Among the most anti-Semitic of the collaborationist press was Au Pilori, edited by Jean Drault, which in November 1942 was to come out with a leader urging that “The Jewish question must be resolved immediately by the arrest and deportation of all Jews without exception.” Another eminent anti-Semite was the apocalyptic Céline, so obsessed by death and destruction that defeat and occupation, it has been said, “fell short of his expectations.” Then there was the equally splenetic, extreme right-wing Je Suis Partout, now resumed after a deplorable pre-war record under Robert Brasillach and Lucien Rebatet. Briefly a prisoner-of-war, Brasillach was allowed back to Paris to take over the editorship of Je Suis Partout, whose circulation rose to an astonishing 300,000. He later explained himself in clearest terms:

The German genius and I had an affair … whether one likes it or not, we lived together. Whatever their outlook, during these years the French have all more or less been to bed with Germany, and whatever quarrels there were, the memory is sweet.

Could anything be less ambiguous?

All these grands collaborateurs at the top of the staircase of vice were wholeheartedly committed to the deutsche Zukunft, in the certain belief that Hitler was going to win (which, in summer 1940, looked a fair bet). They would pay a heavy price. Then came the French Communists, sullenly committed by the pact between Ribbentrop and Molotov the previous August to supporting the Germans. Until Hitler turned round and savaged the Soviet Union the following year, L’Humanité was allowed to thrive. Typical was its edition of 14 July: “It is particularly comforting, in these times of misfortune, to see numerous Paris workers striking up friendliness with German soldiers … Bravo, comrades, continuez.” It was not surprising that this kind of exhortation to the “comrades” encouraged them to come out into the open once more, like a lot of foolish mice, making it all the easier for the cat to pounce after 22 June 1941, when the Führer turned on Russia. At the other end of the social scale, and bent on getting on with the occupiers out of rather more selfish motives, came the gratin and le tout Paris, the frequenters of the former Rothschild house remarked on by the old butler, faithful in their infidelity.
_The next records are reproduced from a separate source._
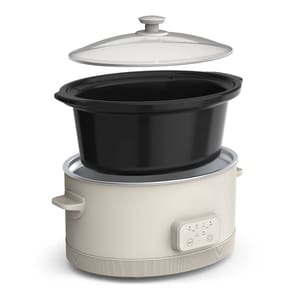 Slow cooker with a detachable black inner pot and a glass lid, featuring simple control buttons on the front.
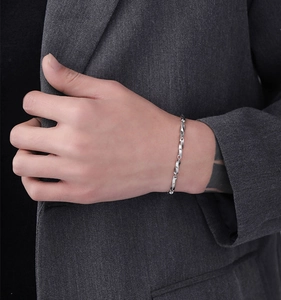 Dettaglio del bracciale Mobius in argento da uomo indossato con un abito grigio chic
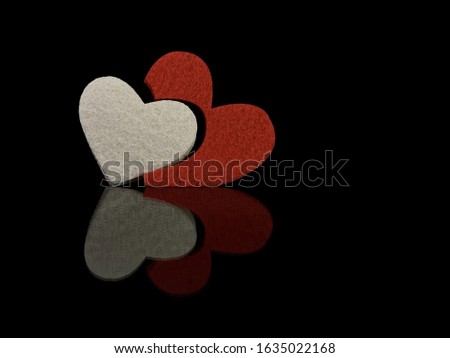 The inscription "Love" and a red heart on a black background. Reflection of two hearts from a glossy surface. The concept of Valentine's Day, wedding, birthday and other holidays.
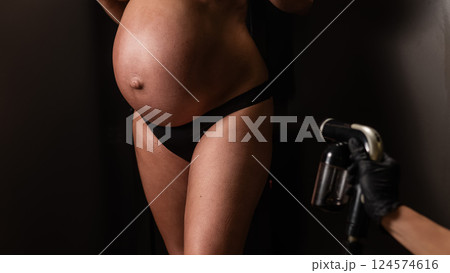 Faceless pregnant woman getting an instant tan. The master applies bronzer with a spray. Faceless pregnant woman getting an instant tan. The master applies bronzer with a spray. 124574616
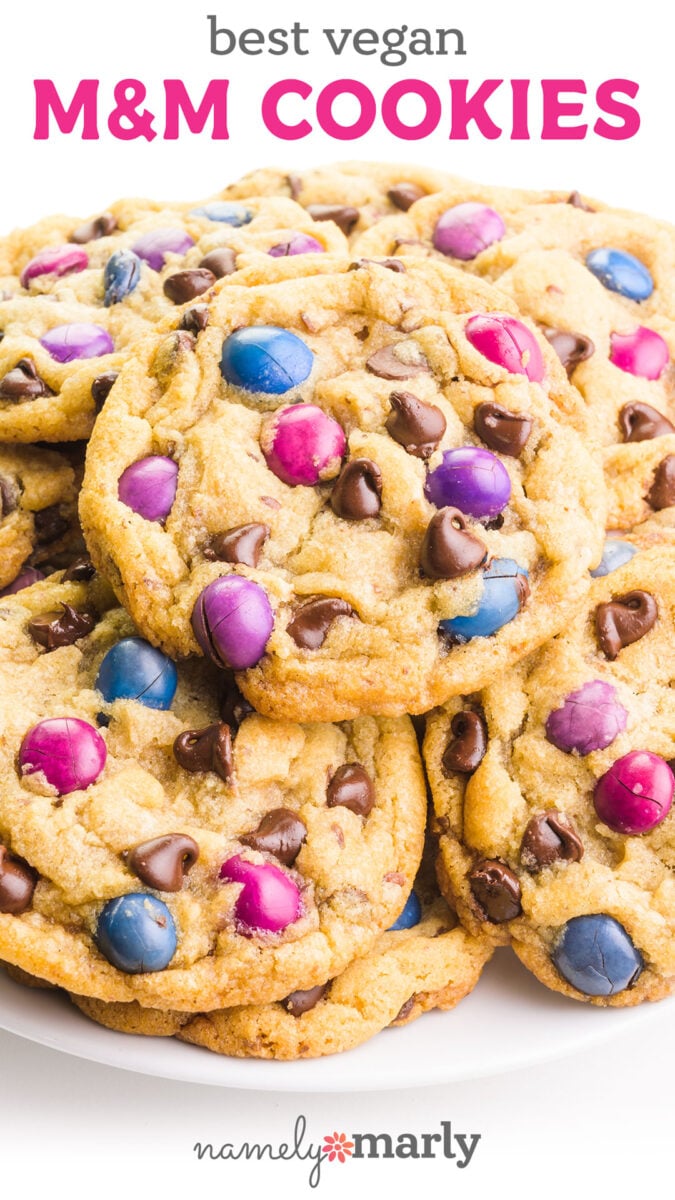 Best Vegan M&M Cookies with image of a plate full of cookies containing brightly-colored m and m pieces and chocolate chips.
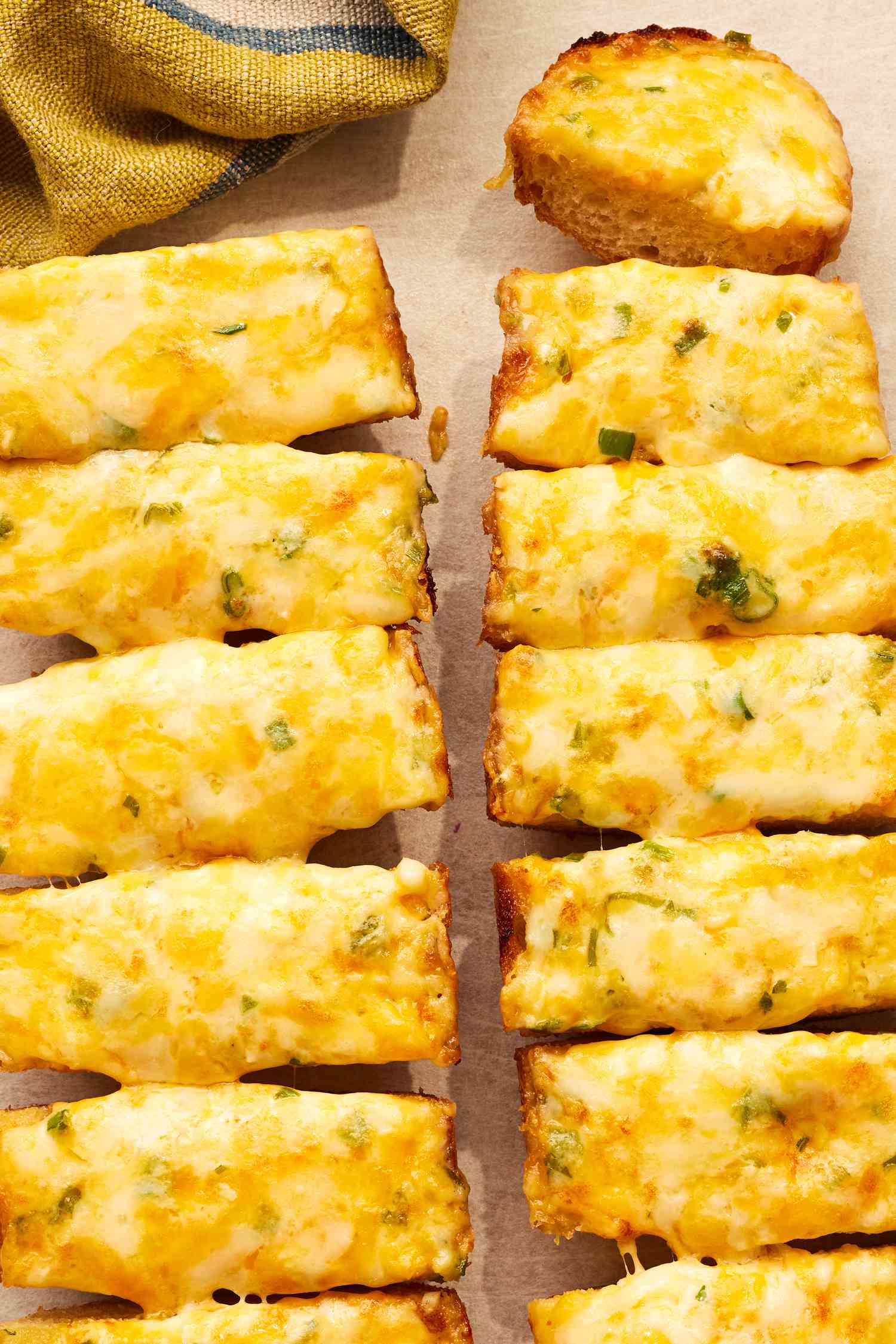 Cheesy Bread Cut Into Slices and a Yellow and Blue Colored Kitchen Towel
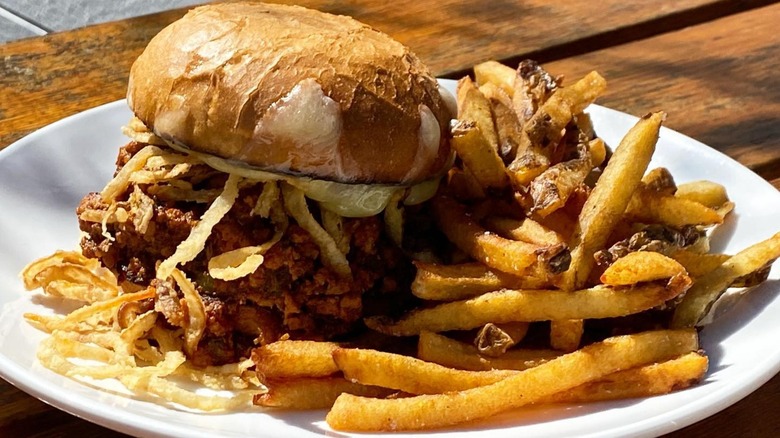 Sloppy joe with onions and jalapeno on plate outside in sun with fries served at Longman & Eagle in Chicago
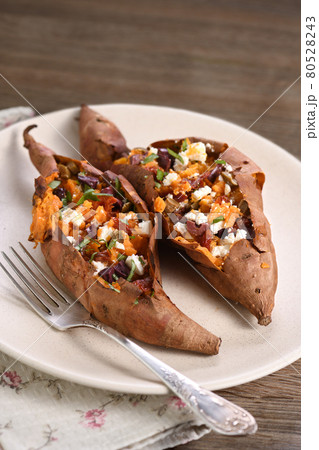 Baked stuffed sweet potato Baked stuffed sweet potato 80528243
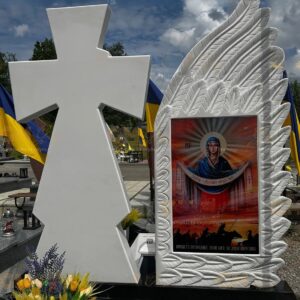 Обратная сторона белого памятника военному с резным крылом ангела, казацким крестом и иконой Покрова Пресвятой Богородицы.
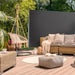Gemütliche Terrasse mit Rattansofa, Hängesessel, Kissen, Decke und rundem Teppich, umgeben von grünen Pflanzen und mit dunkelgrauer Seitenmarkise geschützt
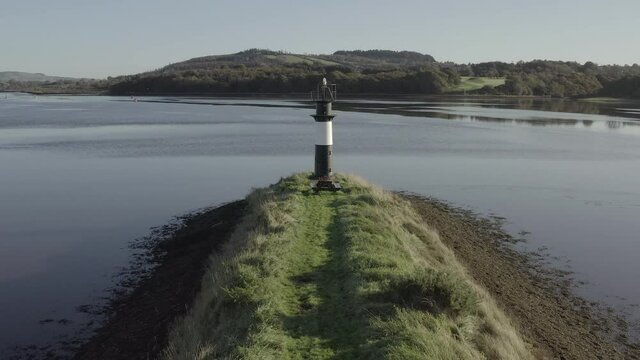Quaint picnic spot at lighthouse on River Suir island, Waterford, IRL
The arguments were exculpatory; the principle was “business as usual”—to place a curb on Parisian social life would be less of a punishment to the Germans than to the indigènes.

Lower down the staircase of collaboration came the massed ranks of the petit bourgeoisie, the merchants, artisans and grocers, bistrotiers and restaurateurs—the majority of Parisians. They were significantly—and understandably—dependent on “business as usual” as a matter of survival. Most often their relationship with the occupiers, as that of the Parisian in the street, would be one of icy correctness—one of cold stares, or of avoiding eye contact. The experience could be memorably painful to more sensitive young German soldiers finding themselves in Paris and simply wanting to be friendly, or preferably loved.

But a great many Germans found love and more among Parisians. As early as October 1943 some 85,000 illegitimate children had been fathered by Germans in France, and by the middle of the following year 80,000 Frenchwomen were claiming children’s benefits from the military authorities, which French historians consider to have been “only the tip of the iceberg.” The ordinary collabo horizontale perhaps deserves more sympathy from us now than she found at the time. The loss of two million French males sequestered in German prisoner-of-war camps or employed as slave labour represented a terrible deprivation to French womanhood; many of the occupying Wehrmacht were physically attractive and well behaved. But most of all, as the war dragged on and life became harsher and harsher in Paris, sleeping with a German often became the only way a woman could keep her children from starvation.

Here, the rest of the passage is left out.